The dispute about which adjunct faculty members are eligible and which are not is now under consideration in the U.S. Court of Appeals for the Second Circuit. In a nutshell, Pace argues that only those adjunct faculty who are eligible to vote in union elections (with the eligibility determined based on courses taught over two academic years) should be included in the bargaining unit – which would have the effect, union members say, of nearly halving the union’s size and restricting access to bargaining rights even among actively teaching adjuncts in their first year at Pace.

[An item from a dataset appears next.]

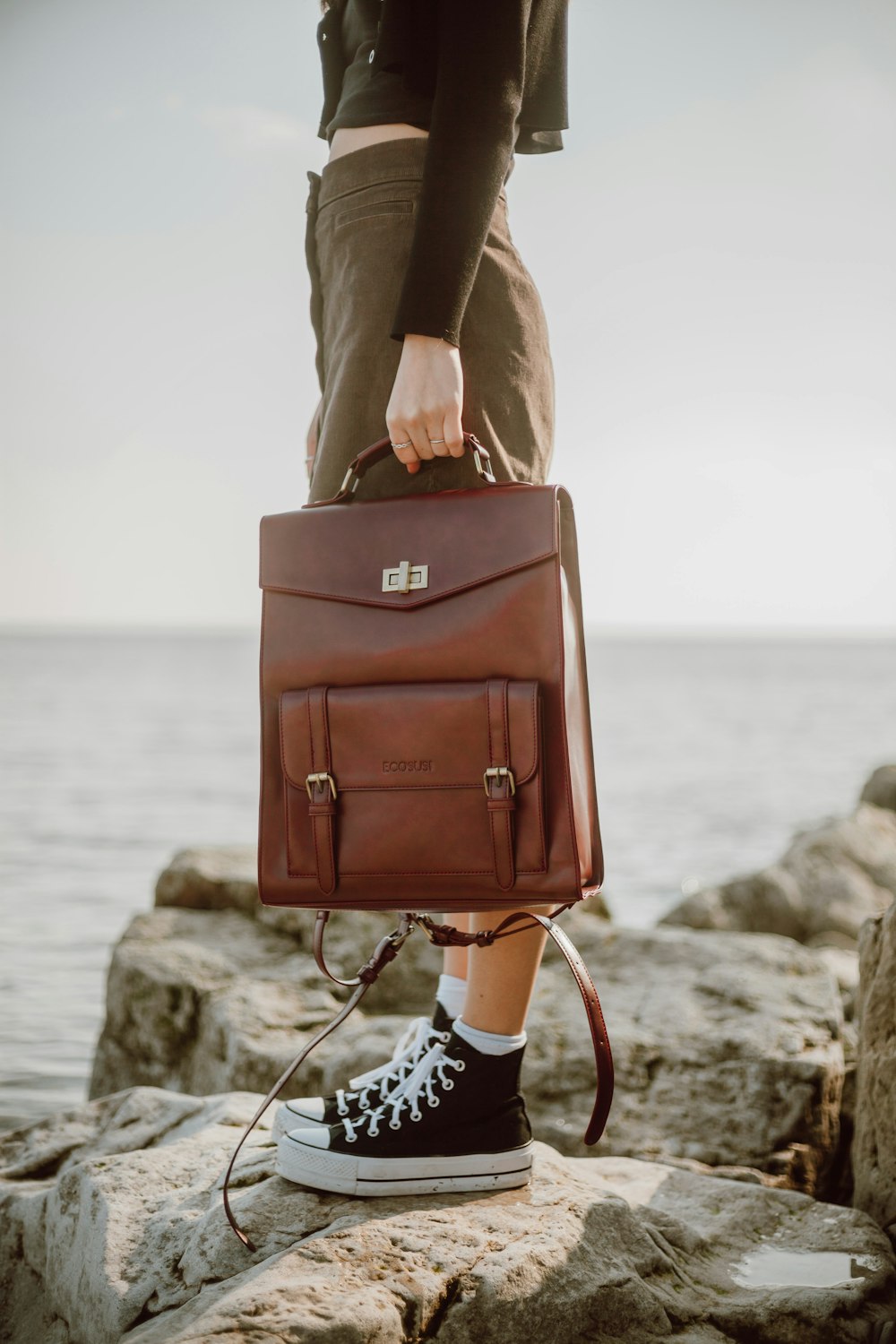 woman in brown coat carrying brown leather handbag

"The university believes that the same standard should apply for determining adjunct voter eligibility and eligibility for inclusion in the bargaining unit. It is unfair to now include in the unit potentially hundreds of adjuncts that were excluded from voting in the election," Pace's Ramirez wrote in her September memo.
“Consistent with the law applicable to disputes of this kind, we will not recognize NYSUT as the bargaining representative of the disputed adjuncts or bargain with the union regarding their terms and conditions of employment until the unit composition issue is resolved,” Ramirez wrote. “Notwithstanding what NYSUT might allege, this appeal process is well-established and perfectly legitimate."
"Pace continues to engage in good faith bargaining with respect to the university’s adjuncts who are not in dispute.”
Moving On or Standing Still?
“Legally, they have the right to take this to the Supreme Court, but we question their moral right to do that,” NYSUT’s Berman said of the court case involving the disputed adjuncts.
“They do the exact same work [as full-time faculty] in the classroom, and they’re paid a fraction of that in money and benefits, and, as far as we can see, an even smaller fraction in respect.”
Pointing to two recent successes for adjunct faculty unions in New York, at the New School and New York University, she said that, in both those cases, universities faced an imminent strike threat. "They were going to walk out to show universities that they were really that serious….to some extent to shame the university into getting an agreement,” Berman said. While she hopes it doesn’t come to a strike at Pace, nor, she said, is the option off the table.
Yet, there may be reasons to think that a more amicable resolution to the stand-off can be expected (fairly) soon. Pawlowski, president of Pace’s faculty union, said he is optimistic about the chances of getting a contract -- hopefully within a year -- after a change in the leadership of the university this summer. Pace’s former president, David A. Caputo, retired under not-so-friendly fire. Stephen J. Friedman stepped in as interim president in June.
“We have a new president who was dean of the law school,” Pawlowski said, “and we’re optimistic that he will strive to push onward to resolve this issue.”
"I had a meeting with him and he did discuss a desire to get this contract in place and put it in the past and move on to other things."
"The first contract really becomes a template for what comes later," said Richard Boris, director of the National Center for the Study of Collective Bargaining in Higher Education and the Professions, at the City University of New York’s Hunter College. "These are prudential principles that are enshrined in a contract and they have to work for both parties. Now, if one of the parties is unstable or if the negotiators don't have license because of the instability, it becomes very, very difficult to finish the job."
“They don’t have a permanent president, they had a president who was in deep trouble -- is this the environment in which a contract can be negotiated?”